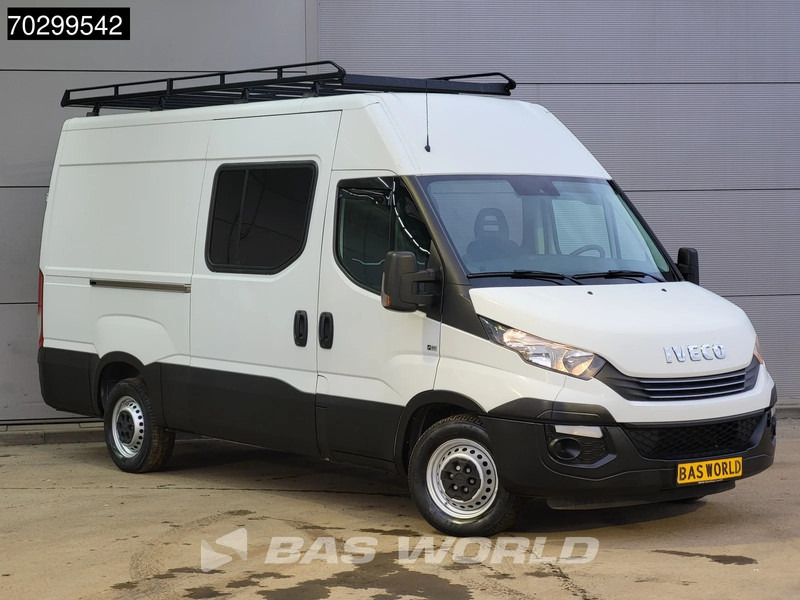 Iveco Daily 35S14 Dubbel Cabine Automaat L2H2 3,5t Trekhaak Airco Cruise Camera Imperiaal Euro6 L2 DC Doka Mixto Airco Trekhaak Cruise contr - Kastenwagen: das Bild 5 Iveco Daily 35S14 Dubbel Cabine Automaat L2H2 3,5t Trekhaak Airco Cruise Camera Imperiaal Euro6 L2 DC Doka Mixto Airco Trekhaak Cruise contr - Kastenwagen: das Bild 5
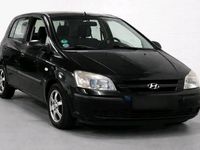 Gebraucht Hyundai Getz 62 PS (45 kW) 2004 Schwarz Kleinwagen
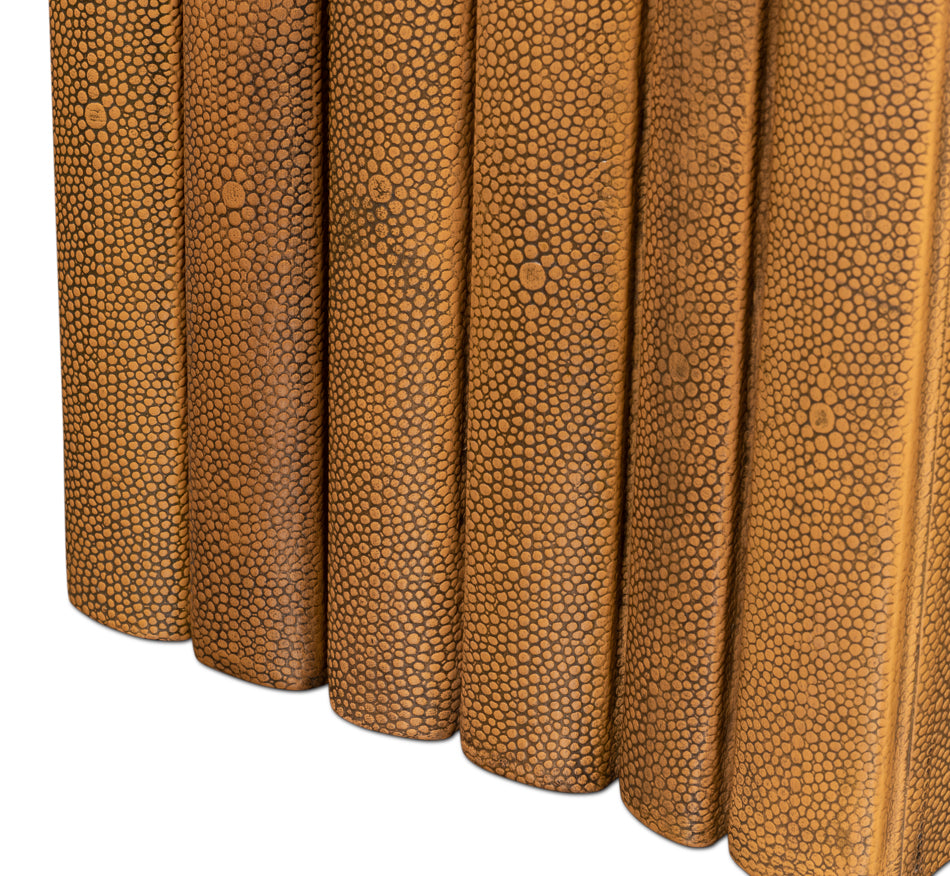 Shagreen Books, Set Of 12, Tawny Brown by Sarreid Ltd - view 12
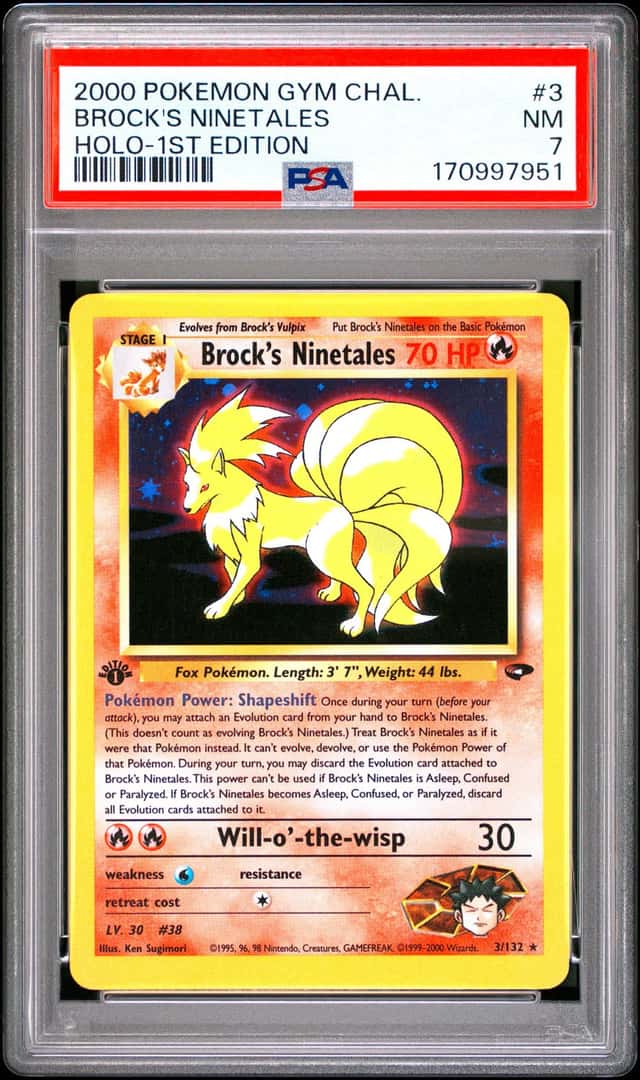 Brock's Ninetales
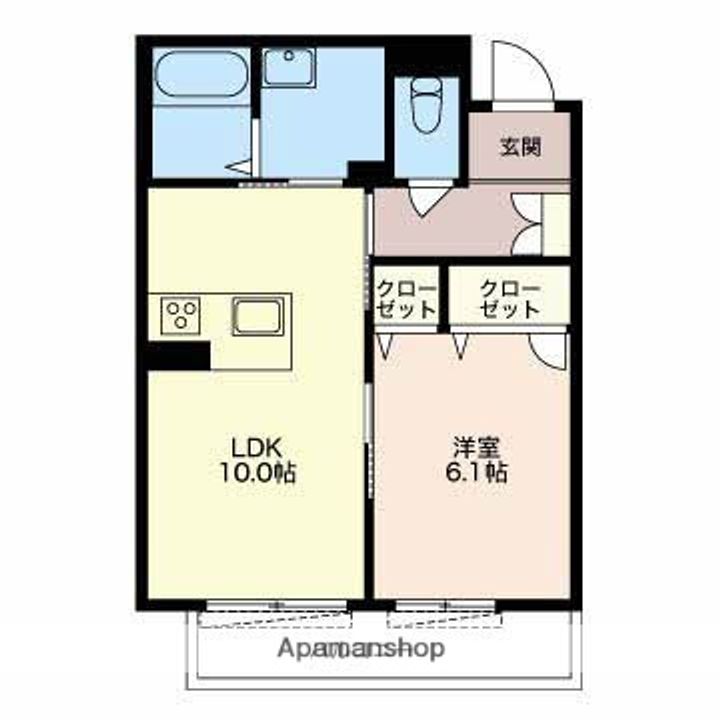 PREMIAS平町の間取り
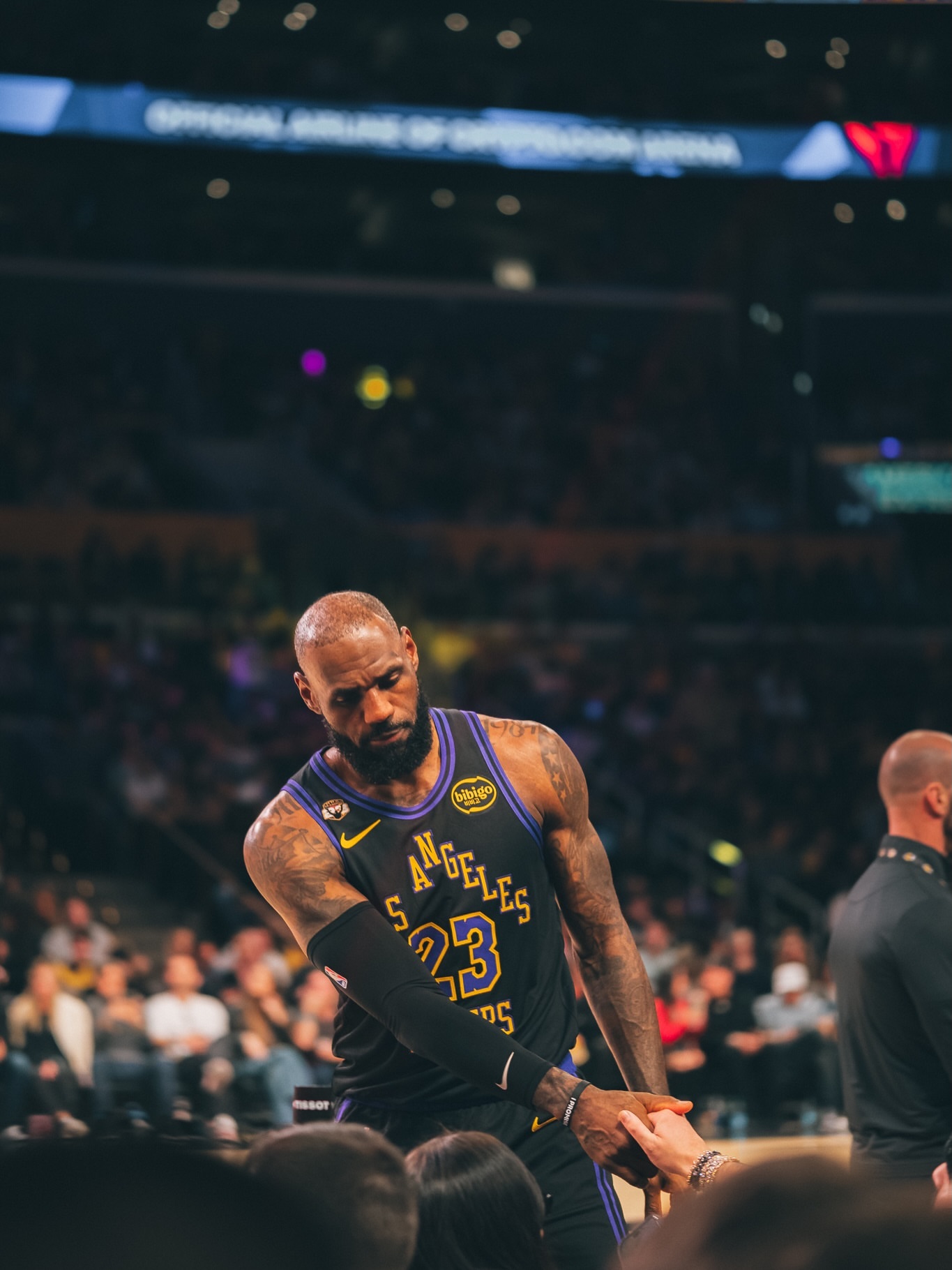 詹&东詹姆斯东契奇洛杉矶湖人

## [EXERCISE BRIEF]
Which lines run from the one containing "Brock's Ninetales" to the end of the data above? Set down those lines exactly, and only those, without any pictures.

## [PROBLEM SOLUTION]
 Brock's Ninetales
 PREMIAS平町の間取り
 詹&东詹姆斯东契奇洛杉矶湖人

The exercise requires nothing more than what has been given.